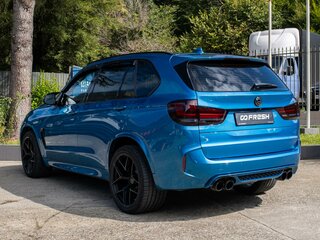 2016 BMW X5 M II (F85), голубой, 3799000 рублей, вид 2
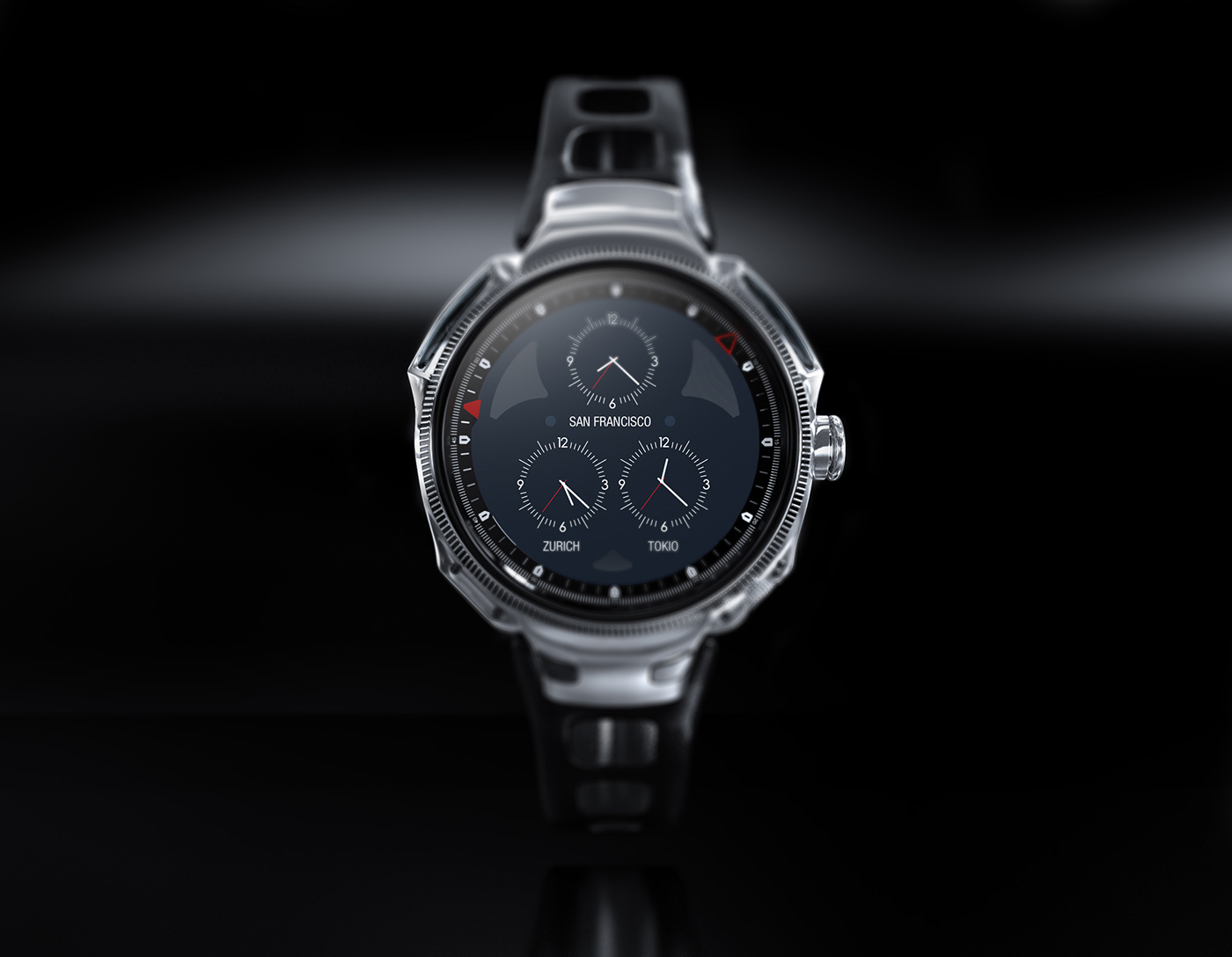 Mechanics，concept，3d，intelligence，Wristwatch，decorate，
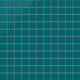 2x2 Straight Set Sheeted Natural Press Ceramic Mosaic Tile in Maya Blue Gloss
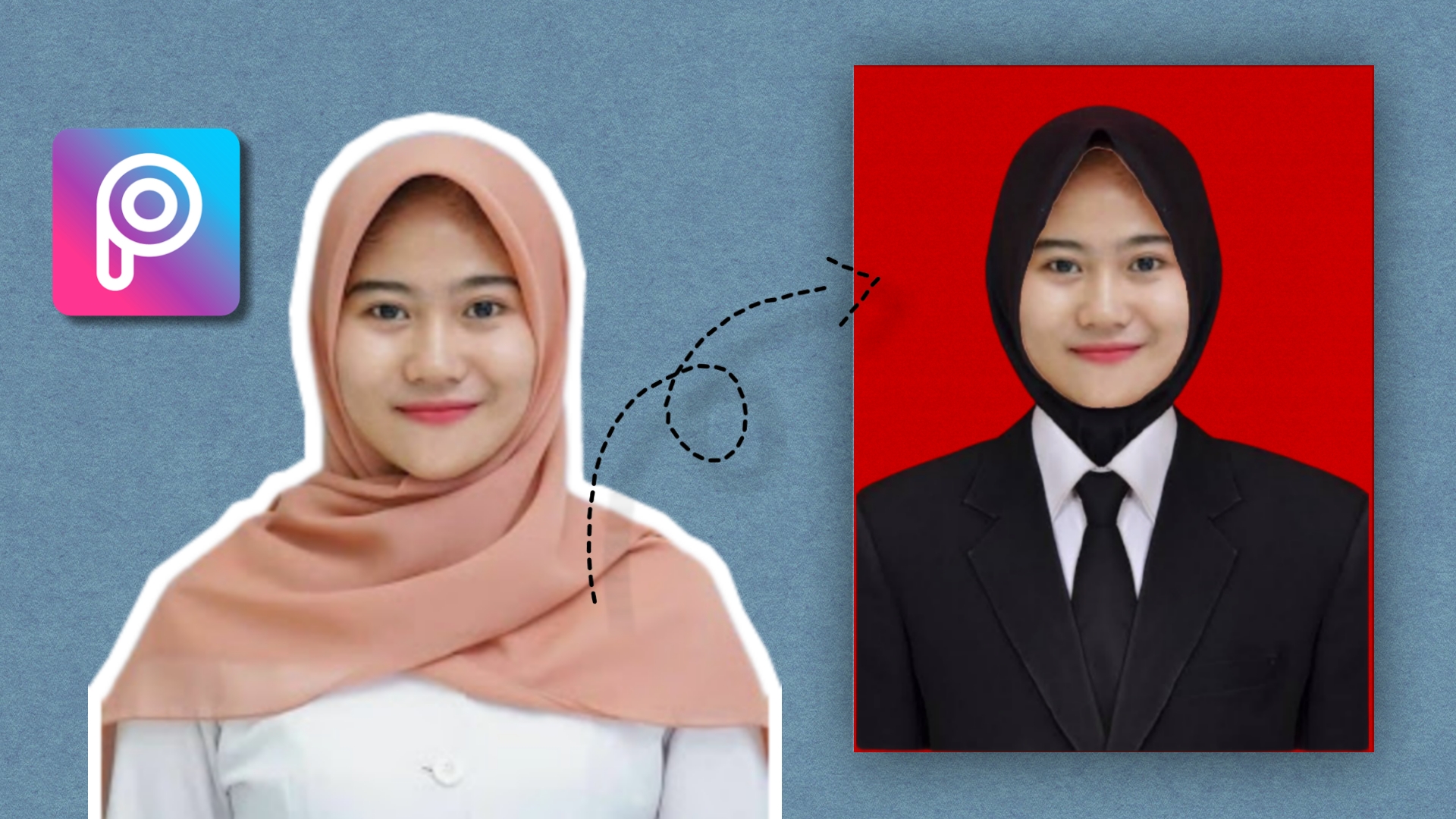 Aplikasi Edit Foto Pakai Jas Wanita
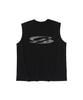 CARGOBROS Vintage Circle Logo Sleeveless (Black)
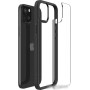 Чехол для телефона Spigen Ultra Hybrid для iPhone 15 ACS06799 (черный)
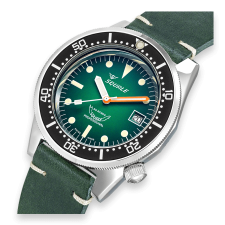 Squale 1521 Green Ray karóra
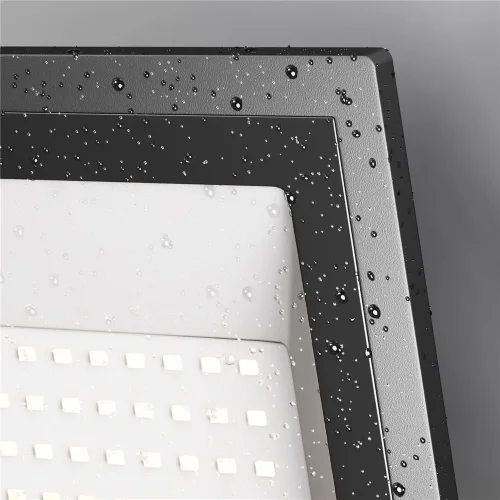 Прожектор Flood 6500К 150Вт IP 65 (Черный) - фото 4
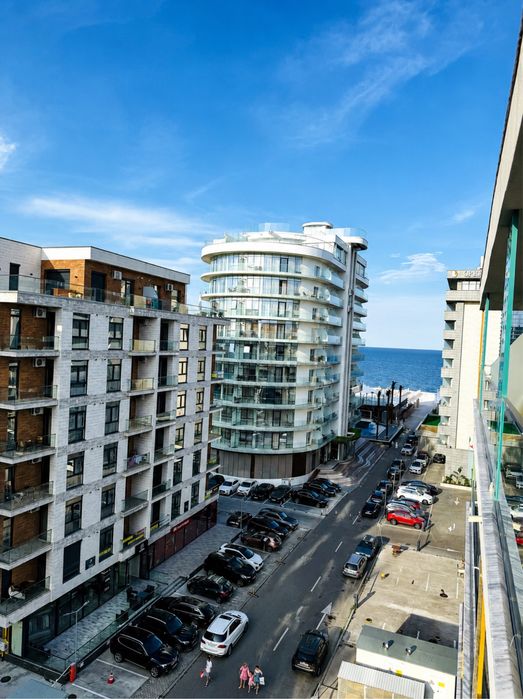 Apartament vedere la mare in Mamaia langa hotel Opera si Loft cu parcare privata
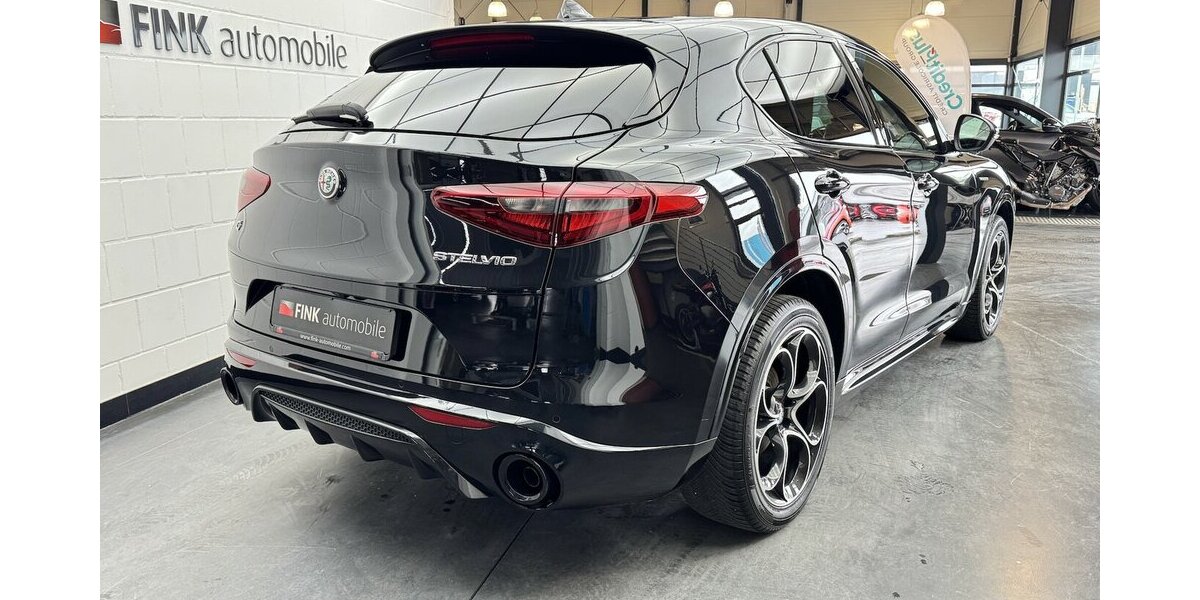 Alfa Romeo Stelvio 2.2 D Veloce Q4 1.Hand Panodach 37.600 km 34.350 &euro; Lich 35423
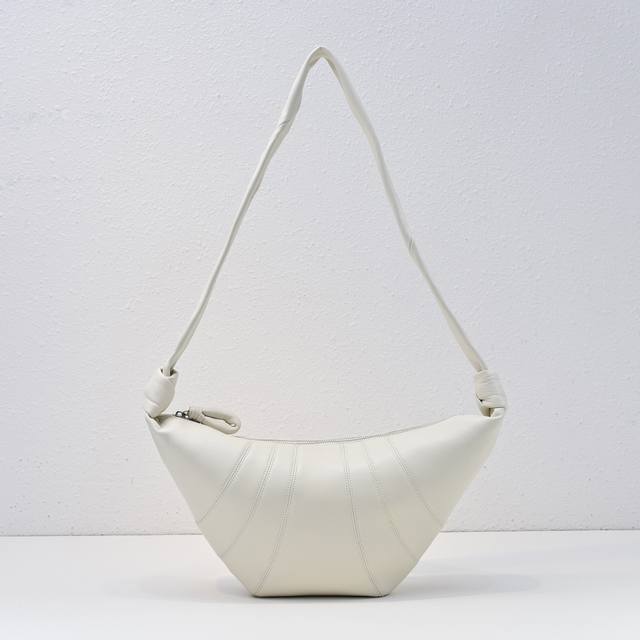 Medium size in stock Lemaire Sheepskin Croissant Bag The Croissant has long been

---

§ **INSTRUCTIONS TO FOLLOW**
Transcribe, word for word, only the material from its opening line through the line containing "Apartament vedere la", both ends included, and omit the pictures.

§ **TASK OUTPUT**
 2016 BMW X5 M II (F85), голубой, 3799000 рублей, вид 2
 Mechanics，concept，3d，intelligence，Wristwatch，decorate，
 2x2 Straight Set Sheeted Natural Press Ceramic Mosaic Tile in Maya Blue Gloss
 Aplikasi Edit Foto Pakai Jas Wanita
 CARGOBROS Vintage Circle Logo Sleeveless (Black)
 Чехол для телефона Spigen Ultra Hybrid для iPhone 15 ACS06799 (черный)
 Squale 1521 Green Ray karóra
 Прожектор Flood 6500К 150Вт IP 65 (Черный) - фото 4
 Apartament vedere la mare in Mamaia langa hotel Opera si Loft cu parcare privata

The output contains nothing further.